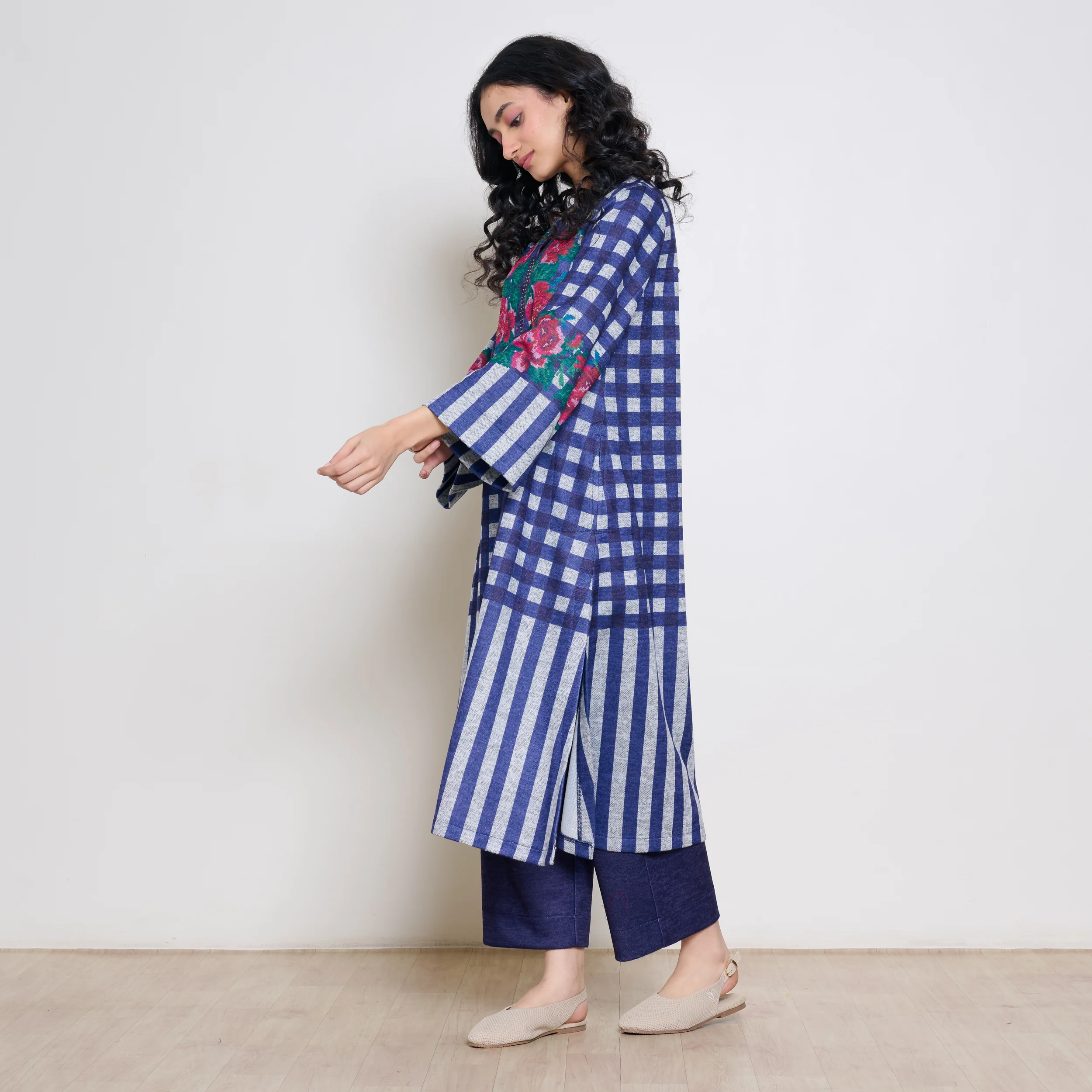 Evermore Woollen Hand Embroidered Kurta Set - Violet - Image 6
==
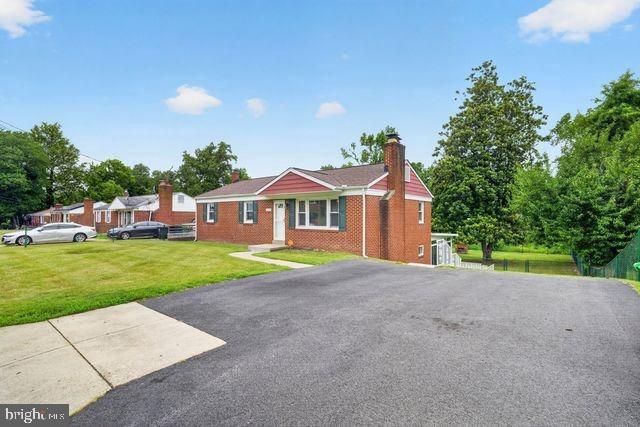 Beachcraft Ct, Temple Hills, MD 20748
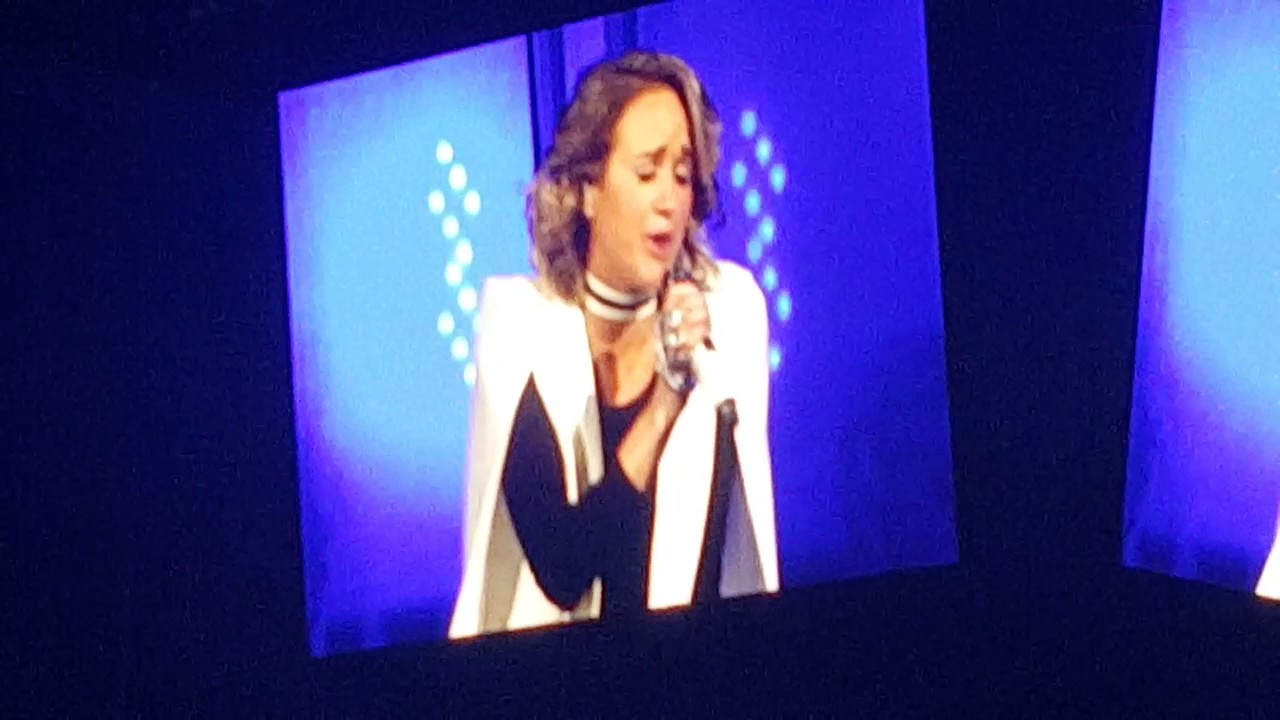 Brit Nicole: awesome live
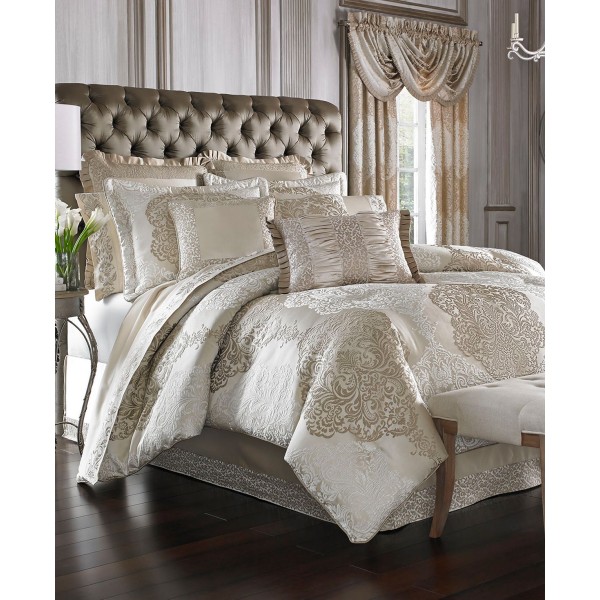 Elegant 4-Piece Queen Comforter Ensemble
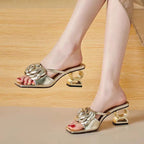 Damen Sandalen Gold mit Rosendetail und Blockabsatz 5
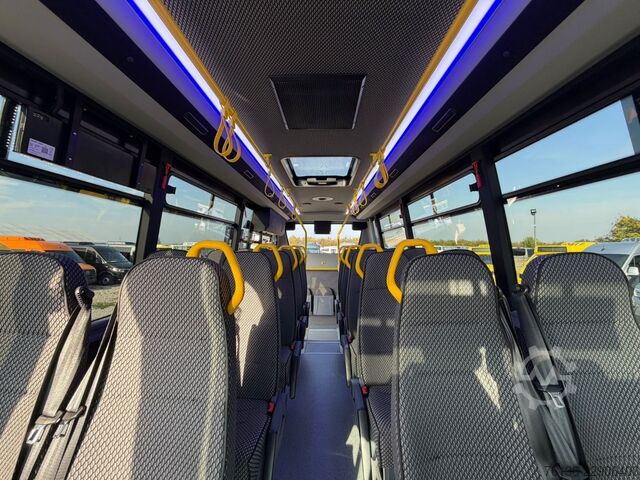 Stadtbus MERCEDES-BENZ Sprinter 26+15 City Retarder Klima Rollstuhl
...
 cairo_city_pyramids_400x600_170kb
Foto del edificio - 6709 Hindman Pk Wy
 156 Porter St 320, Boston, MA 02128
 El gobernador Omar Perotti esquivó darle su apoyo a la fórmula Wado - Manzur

### What you have to do
Please, from the material above, copy only the lines from the line with "Foto del edificio - 6709 Hindman Pk Wy" up to and including the line with "El gobernador Omar", exactly as written.

### Solution to this problem
Foto del edificio - 6709 Hindman Pk Wy
 156 Porter St 320, Boston, MA 02128
 El gobernador Omar Perotti esquivó darle su apoyo a la fórmula Wado - Manzur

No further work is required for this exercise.